Una mirada al precipicio

Andrés Marín baila dentro de un plástico en un momento de ‘Carta Blanca’.

Andrés Marín baila dentro de un plástico en un momento de ‘Carta Blanca’. / Manuel Aranda

Quienes hemos seguido la trayectoria artística de Andrés Marín sabemos positivamente que no es un bailaor al uso, y que su lenguaje se acerca más al arte contemporáneo que a los cánones clásicos. El sevillano huye de la cotidianidad, se rebela contra los arquetipos habituales, asomándose siempre al precipio del riesgo, de lo desconocido y a veces hasta absurdo. Así es y así lo exhibe en cada uno de sus espectáculos. Otra cosa es que te guste o no pues bien es cierto que independientemente de que sus dotes bailaoras sean del gusto o disgusto del espectador, lo que sí está claro es que arroja cantidad de información en cada montaje, y eso a veces, simplemente porque nos faltan datos, acaba por enturbiar cualquier percepción.

Es quizás el gran problema que hoy día tienen muchos artistas, que ofrecen una realidad de las cosas tan subjetiva y personal que no terminan de enganchar al público (más que nada porque no entienden nada) o si lo hacen es únicamente a base de chispazos de talento, pero no globlamente.

En esta 'Carta Blanca', una pieza creada en 2015 para el Museo de Picasso de París, Marín muestra su lado más frenético, centrando su mensaje en la música y abordando cada momento del mismo de forma irregular, sobre todo cuando hablamos de cante. Aún así, en él podemos disfrutar de dos voces potentísimas y experimentadas, como José Valencia y Segundo Falcón, que a lo largo del espectáculo interpretan seguiriyas, farruca, polo, romances, bulerías o el pregón de Macandé. Ahora bien, casi nunca en el concepto tradicional, y en la mayoría de ellas o se acompañan de una guitarra eléctrica, una batería, el clarinete o hasta una zanfoña (excelente por cierto Raúl Cantizano).

Marín vive permanentemente en un estado camaleónico, baila con máscara, con cencerros, se enfrenta a sus prejuicios y mantiene una lucha con el sonido que pasa de ruido a silencio en cuestión de segundos.
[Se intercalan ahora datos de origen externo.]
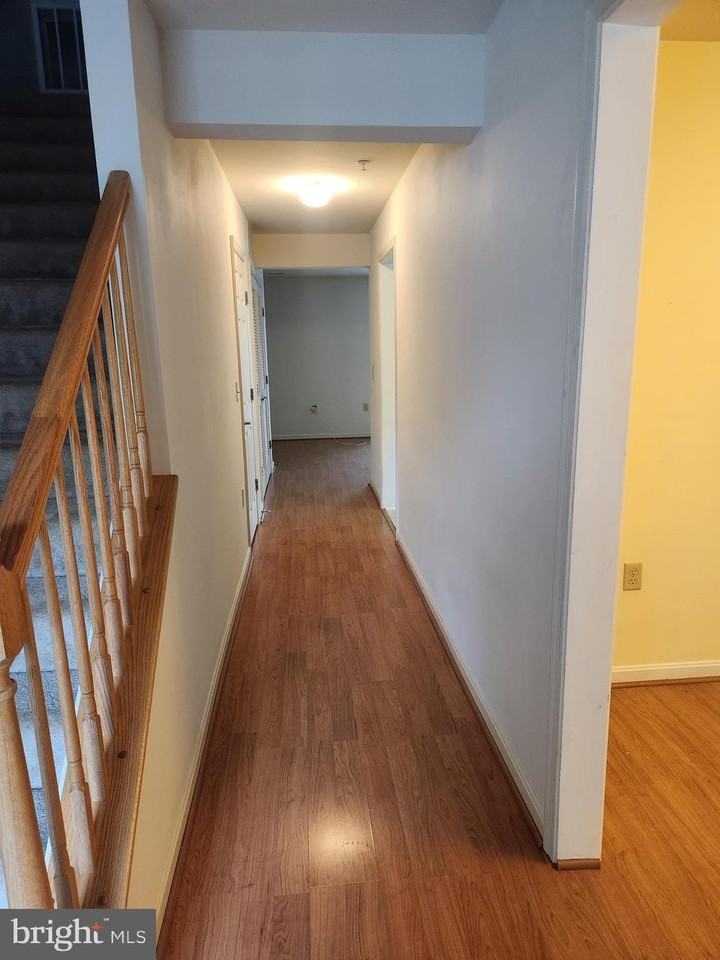 1234 Oakwood Dr - Photo 2 of 17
Es anárquico, selectivo y mantiene ese universo rectilíneo en cada uno de sus replantes, replantes que, por cierto, también llegan como flashes hacia el espectador.

Así discurre 'Carta Blanca', un espectáculo, cargado de altibajos y que está claro que para el público de a pie es difícilmente comprensible, aunque no por ello está exento de talento ni de un buen trabajo (se nota expresamente que ha sido expuesto ya en muchos sitios).